_DATA FOR THIS EXERCISE_:

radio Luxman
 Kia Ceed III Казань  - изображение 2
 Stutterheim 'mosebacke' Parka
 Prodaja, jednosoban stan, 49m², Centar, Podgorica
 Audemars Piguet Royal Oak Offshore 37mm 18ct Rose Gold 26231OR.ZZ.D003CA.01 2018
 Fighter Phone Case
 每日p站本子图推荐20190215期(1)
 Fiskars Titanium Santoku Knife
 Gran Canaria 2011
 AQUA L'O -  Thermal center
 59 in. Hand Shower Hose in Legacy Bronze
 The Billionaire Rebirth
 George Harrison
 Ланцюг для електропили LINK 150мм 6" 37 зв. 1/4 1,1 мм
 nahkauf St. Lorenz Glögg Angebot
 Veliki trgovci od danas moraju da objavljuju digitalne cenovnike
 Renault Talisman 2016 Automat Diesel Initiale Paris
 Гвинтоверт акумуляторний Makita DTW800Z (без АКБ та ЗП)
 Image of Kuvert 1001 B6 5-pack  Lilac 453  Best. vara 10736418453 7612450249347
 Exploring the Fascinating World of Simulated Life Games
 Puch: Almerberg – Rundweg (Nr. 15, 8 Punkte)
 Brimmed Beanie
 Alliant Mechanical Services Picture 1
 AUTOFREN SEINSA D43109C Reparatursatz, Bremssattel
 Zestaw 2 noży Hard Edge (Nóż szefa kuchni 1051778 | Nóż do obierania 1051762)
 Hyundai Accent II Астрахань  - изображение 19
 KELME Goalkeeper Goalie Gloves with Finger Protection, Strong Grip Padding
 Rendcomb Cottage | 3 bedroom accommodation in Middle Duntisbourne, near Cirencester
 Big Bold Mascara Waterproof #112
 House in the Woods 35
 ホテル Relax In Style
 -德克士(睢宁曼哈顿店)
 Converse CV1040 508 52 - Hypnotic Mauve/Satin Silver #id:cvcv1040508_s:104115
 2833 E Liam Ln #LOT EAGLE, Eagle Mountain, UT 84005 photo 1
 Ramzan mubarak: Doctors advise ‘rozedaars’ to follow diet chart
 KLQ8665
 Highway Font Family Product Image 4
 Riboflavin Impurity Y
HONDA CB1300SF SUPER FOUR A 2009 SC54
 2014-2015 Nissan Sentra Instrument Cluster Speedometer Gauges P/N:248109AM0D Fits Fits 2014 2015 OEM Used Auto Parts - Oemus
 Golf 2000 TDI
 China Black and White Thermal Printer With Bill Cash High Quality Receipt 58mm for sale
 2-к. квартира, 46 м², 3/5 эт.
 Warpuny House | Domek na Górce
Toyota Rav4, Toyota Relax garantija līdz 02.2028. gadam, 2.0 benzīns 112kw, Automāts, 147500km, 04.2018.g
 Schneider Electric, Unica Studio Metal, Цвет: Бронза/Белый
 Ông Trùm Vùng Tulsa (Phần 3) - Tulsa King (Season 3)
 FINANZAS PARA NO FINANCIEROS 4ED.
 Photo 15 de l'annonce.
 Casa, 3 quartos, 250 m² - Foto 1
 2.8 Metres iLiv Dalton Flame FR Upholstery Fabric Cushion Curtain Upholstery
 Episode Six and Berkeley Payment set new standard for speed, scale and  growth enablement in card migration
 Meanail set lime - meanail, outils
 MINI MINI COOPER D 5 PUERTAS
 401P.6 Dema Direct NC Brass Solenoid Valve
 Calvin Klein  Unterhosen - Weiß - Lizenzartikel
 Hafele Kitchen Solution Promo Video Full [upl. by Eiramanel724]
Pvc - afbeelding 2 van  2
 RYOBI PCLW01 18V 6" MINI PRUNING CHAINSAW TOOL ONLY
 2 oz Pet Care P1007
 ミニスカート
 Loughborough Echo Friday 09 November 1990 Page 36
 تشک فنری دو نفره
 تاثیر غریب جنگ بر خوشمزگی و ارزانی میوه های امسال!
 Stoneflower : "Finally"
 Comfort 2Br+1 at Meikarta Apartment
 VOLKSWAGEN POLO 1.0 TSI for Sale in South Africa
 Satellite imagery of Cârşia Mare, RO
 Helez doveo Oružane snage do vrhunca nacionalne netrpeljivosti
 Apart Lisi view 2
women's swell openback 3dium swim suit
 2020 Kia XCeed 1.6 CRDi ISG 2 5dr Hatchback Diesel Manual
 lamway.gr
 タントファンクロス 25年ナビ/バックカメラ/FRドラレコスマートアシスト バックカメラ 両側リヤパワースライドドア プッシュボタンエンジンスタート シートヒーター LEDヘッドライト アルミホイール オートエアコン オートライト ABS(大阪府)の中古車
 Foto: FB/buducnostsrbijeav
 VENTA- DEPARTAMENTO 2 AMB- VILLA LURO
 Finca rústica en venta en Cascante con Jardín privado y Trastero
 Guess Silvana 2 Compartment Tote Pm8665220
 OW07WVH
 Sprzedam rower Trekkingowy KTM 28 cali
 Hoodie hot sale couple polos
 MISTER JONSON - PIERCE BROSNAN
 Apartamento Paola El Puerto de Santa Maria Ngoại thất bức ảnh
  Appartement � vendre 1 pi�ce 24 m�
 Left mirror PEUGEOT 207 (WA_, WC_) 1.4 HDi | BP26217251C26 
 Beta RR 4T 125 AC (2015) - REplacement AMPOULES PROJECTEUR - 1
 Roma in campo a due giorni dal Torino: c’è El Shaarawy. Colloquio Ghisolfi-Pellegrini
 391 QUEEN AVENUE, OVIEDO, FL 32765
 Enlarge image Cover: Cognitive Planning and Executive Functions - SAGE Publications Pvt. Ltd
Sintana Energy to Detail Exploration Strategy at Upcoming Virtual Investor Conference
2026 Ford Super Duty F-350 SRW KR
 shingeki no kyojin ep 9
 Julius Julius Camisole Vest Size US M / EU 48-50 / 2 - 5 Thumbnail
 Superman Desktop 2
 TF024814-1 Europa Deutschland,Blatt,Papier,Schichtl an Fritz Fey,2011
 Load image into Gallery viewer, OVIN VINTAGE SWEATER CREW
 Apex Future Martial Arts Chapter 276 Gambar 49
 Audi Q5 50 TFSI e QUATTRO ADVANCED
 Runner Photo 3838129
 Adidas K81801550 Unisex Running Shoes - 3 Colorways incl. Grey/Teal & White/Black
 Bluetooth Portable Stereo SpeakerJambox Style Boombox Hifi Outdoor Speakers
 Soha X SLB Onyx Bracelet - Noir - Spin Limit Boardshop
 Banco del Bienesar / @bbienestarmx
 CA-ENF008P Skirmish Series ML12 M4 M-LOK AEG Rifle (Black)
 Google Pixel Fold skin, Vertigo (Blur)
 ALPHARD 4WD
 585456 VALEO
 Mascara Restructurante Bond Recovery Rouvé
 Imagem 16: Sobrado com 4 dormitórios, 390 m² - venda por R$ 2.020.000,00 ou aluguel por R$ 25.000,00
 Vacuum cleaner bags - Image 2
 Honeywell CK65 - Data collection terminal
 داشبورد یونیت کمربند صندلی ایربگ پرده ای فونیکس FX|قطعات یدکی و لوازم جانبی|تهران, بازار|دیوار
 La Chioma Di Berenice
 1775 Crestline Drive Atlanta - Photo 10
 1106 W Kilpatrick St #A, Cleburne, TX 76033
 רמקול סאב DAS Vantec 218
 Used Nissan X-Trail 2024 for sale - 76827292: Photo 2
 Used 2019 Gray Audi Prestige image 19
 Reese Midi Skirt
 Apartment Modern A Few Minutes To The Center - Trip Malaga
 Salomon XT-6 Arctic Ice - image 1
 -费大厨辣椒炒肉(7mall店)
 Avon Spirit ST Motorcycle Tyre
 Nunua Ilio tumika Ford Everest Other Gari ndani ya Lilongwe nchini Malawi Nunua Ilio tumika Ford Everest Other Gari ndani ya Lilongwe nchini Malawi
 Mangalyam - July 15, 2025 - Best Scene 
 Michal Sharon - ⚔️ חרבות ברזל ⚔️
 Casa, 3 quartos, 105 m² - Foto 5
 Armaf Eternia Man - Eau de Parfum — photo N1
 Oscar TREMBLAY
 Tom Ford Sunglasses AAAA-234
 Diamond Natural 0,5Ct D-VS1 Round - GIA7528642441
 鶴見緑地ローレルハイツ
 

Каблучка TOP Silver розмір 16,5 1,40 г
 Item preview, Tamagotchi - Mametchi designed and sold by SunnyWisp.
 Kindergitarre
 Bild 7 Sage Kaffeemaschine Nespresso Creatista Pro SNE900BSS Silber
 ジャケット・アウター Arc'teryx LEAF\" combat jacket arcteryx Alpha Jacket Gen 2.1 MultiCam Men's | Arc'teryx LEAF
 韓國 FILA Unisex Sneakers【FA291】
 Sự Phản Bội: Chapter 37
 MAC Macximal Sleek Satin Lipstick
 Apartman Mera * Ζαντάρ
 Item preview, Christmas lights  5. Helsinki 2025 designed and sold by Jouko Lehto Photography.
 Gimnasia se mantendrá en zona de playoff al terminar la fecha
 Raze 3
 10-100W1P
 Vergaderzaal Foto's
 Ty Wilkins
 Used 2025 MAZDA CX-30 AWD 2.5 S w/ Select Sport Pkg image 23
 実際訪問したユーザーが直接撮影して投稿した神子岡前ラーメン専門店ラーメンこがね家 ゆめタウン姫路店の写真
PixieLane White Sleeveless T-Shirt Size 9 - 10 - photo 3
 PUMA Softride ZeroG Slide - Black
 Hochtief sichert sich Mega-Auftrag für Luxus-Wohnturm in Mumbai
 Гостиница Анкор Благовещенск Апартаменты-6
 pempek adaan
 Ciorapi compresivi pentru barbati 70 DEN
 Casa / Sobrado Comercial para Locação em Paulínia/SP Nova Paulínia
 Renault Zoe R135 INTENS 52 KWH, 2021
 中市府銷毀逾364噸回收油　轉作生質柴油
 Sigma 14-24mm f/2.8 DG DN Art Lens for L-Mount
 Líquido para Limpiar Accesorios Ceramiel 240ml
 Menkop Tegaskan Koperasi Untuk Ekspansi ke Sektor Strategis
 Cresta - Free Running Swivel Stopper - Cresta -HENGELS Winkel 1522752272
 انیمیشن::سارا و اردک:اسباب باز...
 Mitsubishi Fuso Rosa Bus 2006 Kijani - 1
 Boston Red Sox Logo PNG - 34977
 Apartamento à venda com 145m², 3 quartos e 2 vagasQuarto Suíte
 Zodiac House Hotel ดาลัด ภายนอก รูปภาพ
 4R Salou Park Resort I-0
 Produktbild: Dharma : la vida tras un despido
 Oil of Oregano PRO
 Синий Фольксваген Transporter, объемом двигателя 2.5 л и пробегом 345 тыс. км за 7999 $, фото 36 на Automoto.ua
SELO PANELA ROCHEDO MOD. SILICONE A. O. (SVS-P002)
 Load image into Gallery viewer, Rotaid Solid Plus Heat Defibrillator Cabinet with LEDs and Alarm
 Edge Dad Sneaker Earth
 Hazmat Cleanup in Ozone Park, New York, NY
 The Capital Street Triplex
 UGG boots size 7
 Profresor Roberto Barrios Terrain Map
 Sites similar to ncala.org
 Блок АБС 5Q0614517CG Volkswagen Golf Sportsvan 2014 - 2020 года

_WHAT YOU HAVE TO DO_: Please give the number of lines in the listing above that contain the string "Sobrado", without anything else.

_EXPECTED ANSWER_: 2